_Input for this task_:
—————

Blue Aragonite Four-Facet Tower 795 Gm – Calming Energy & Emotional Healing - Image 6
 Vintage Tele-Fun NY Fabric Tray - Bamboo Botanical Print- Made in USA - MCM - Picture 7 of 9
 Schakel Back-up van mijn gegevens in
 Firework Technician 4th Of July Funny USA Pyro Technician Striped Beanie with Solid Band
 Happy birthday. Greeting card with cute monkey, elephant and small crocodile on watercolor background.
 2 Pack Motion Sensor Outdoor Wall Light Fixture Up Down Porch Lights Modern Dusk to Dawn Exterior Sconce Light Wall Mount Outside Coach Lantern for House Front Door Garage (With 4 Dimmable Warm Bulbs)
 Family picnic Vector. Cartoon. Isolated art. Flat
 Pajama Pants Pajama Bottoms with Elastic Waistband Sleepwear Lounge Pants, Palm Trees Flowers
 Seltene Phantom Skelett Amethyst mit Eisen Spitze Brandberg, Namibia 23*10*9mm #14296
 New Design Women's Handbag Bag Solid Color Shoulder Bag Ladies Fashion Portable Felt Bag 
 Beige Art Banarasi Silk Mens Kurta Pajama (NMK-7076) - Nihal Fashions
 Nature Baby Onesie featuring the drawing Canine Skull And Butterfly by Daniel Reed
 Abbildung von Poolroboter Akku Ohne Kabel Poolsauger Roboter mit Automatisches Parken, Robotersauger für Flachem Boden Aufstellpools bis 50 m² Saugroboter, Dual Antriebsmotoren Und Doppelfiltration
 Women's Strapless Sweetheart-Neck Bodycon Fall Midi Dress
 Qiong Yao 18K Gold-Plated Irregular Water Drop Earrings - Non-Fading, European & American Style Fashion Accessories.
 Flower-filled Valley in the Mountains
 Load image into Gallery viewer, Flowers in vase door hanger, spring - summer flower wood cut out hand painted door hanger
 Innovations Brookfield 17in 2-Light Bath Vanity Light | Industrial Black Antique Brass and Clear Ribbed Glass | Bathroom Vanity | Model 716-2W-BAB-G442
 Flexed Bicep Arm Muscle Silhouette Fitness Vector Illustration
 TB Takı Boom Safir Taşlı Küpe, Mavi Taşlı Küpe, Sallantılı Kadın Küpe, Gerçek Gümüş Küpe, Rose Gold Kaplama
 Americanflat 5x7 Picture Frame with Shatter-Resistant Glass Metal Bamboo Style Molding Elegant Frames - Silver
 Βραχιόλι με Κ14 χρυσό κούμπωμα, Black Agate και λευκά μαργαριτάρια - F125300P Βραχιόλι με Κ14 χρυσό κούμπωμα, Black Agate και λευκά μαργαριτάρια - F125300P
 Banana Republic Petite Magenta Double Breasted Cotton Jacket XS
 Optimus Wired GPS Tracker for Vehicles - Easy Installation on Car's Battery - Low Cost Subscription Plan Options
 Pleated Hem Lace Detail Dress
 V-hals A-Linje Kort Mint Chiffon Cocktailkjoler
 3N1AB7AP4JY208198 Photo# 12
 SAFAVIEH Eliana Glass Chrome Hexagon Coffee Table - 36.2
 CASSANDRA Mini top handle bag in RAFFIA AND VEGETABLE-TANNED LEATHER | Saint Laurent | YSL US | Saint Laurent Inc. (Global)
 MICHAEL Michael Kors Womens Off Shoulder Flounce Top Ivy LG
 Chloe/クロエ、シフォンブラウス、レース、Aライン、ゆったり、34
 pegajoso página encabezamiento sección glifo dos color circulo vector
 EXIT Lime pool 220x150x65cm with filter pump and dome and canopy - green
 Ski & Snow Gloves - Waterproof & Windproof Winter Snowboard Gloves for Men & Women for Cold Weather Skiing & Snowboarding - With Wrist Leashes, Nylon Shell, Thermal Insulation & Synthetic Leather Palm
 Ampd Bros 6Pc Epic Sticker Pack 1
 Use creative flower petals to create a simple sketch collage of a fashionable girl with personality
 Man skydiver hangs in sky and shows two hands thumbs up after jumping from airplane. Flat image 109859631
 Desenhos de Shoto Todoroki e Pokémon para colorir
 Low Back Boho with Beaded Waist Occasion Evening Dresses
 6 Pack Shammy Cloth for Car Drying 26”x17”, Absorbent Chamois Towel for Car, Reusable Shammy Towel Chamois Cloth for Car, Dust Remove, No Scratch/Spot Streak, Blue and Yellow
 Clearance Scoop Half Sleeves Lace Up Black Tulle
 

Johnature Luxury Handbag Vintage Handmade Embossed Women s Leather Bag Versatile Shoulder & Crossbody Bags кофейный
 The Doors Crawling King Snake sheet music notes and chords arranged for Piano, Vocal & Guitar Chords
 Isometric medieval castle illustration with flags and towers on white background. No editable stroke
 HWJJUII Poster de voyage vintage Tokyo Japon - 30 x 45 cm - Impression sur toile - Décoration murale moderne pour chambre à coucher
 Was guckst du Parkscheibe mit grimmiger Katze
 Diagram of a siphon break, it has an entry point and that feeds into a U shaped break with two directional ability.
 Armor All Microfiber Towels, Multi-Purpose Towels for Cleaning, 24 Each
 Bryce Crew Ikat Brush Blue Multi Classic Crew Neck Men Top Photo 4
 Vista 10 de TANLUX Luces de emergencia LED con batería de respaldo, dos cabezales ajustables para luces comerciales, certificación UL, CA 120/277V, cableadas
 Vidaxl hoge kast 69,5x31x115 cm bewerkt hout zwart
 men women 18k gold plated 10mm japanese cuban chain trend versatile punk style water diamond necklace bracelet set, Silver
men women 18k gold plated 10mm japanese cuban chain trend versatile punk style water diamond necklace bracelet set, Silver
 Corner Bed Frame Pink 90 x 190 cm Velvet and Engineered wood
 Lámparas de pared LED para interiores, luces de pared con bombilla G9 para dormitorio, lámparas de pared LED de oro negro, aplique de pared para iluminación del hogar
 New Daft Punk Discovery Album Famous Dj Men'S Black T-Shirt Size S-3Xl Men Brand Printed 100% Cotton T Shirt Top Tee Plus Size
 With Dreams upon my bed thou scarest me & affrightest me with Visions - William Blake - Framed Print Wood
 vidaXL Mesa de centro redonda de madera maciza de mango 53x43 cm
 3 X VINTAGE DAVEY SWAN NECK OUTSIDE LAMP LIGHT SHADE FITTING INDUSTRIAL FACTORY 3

—————

_Description of the task_:
Set down exactly the lines of the data above, beginning with the line that has "Family picnic Vector." and ending with the line that has "Nature Baby Onesie", and no others.

_Response below_:
 Family picnic Vector. Cartoon. Isolated art. Flat
 Pajama Pants Pajama Bottoms with Elastic Waistband Sleepwear Lounge Pants, Palm Trees Flowers
 Seltene Phantom Skelett Amethyst mit Eisen Spitze Brandberg, Namibia 23*10*9mm #14296
 New Design Women's Handbag Bag Solid Color Shoulder Bag Ladies Fashion Portable Felt Bag 
 Beige Art Banarasi Silk Mens Kurta Pajama (NMK-7076) - Nihal Fashions
 Nature Baby Onesie featuring the drawing Canine Skull And Butterfly by Daniel Reed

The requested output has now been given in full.